Field & Stream Online Editors
camp cooking
A simple, delicious breakfast for your next outing. Field & Stream Online Editors

This is a great camp recipe for early mornings. It goes great with a strong cup of cowboy coffee. A well-seasoned cast iron skillet is key here in a quick and easy preparation to the venison steaks. If you like, use the residual seasoned crumbs and oil in the skillet to make a good country gravy for homemade biscuits.

Serves 4

8, 2 to 3 ounce thinly cut venison steaks
1 cup egg wash
3 tablespoons olive oil
1 cup fine bread crumbs (with Italian seasonings)
1 cup butter
2 garlic cloves minced
2 tablespoons Italian flat leaf parsley, minced
salt and pepper to taste

In a small saucepan melt the butter, add garlic and parsley. Sauté 1 minute. Set aside and keep warm.

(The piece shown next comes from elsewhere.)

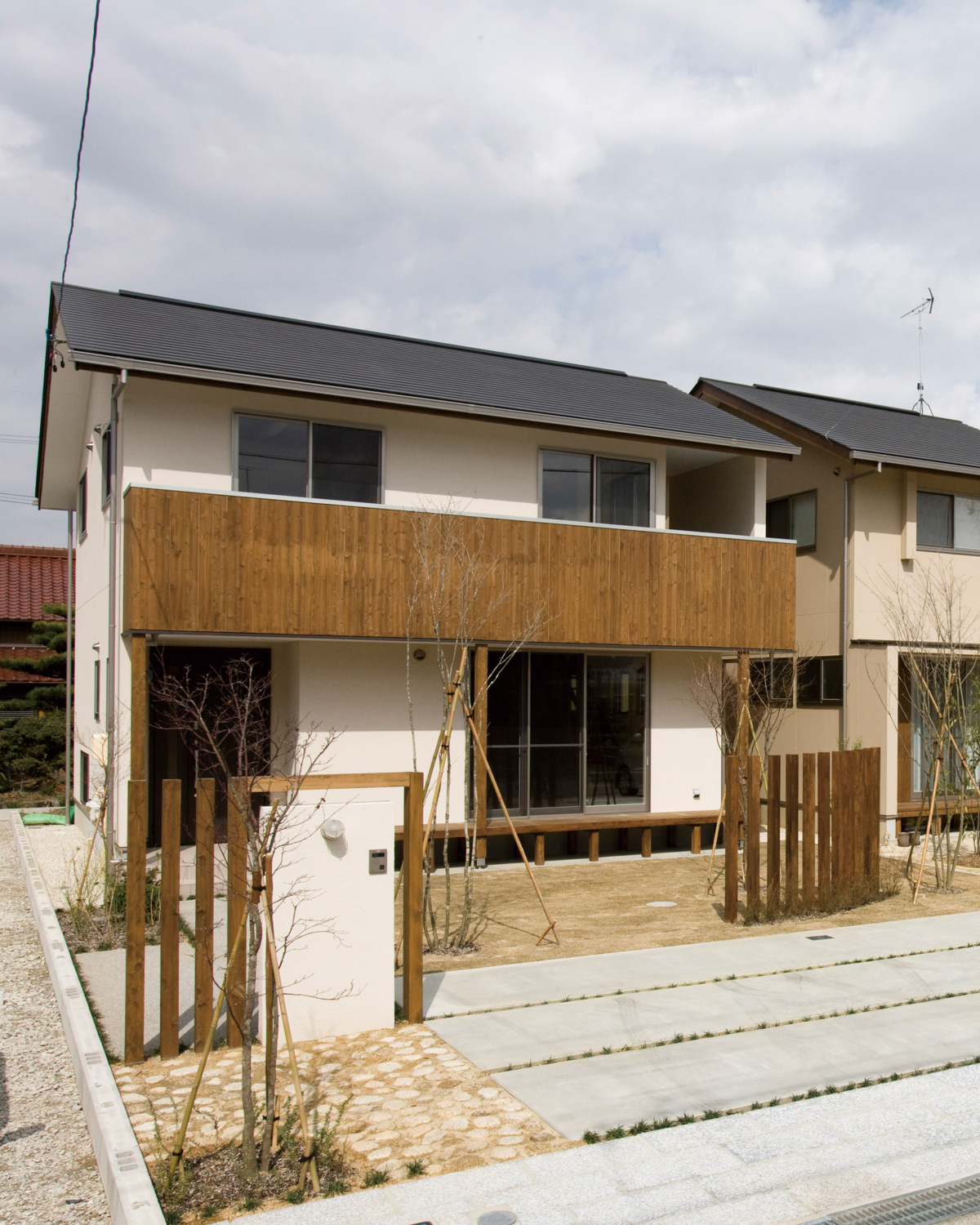 株式会社未来住建｜安城市｜注文住宅・マンションリノベ・定期借地権付分譲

Dip the thinly cut venison steaks in the egg wash. Cover both sides with the seasoned breadcrumbs and salt and pepper. Heat the oil in a cast iron skillet over medium-high heat. Quickly cook the venison steaks until coating is golden, but steaks are not over cooked. You want to prevent them from being too dry.

Remove steaks from pan. Drizzle a little garlic butter over the top of the steaks. Finish off breakfast with a couple of eggs cooked to order, home fries, biscuits and gravy. Looks like you may need a nap before the hunt!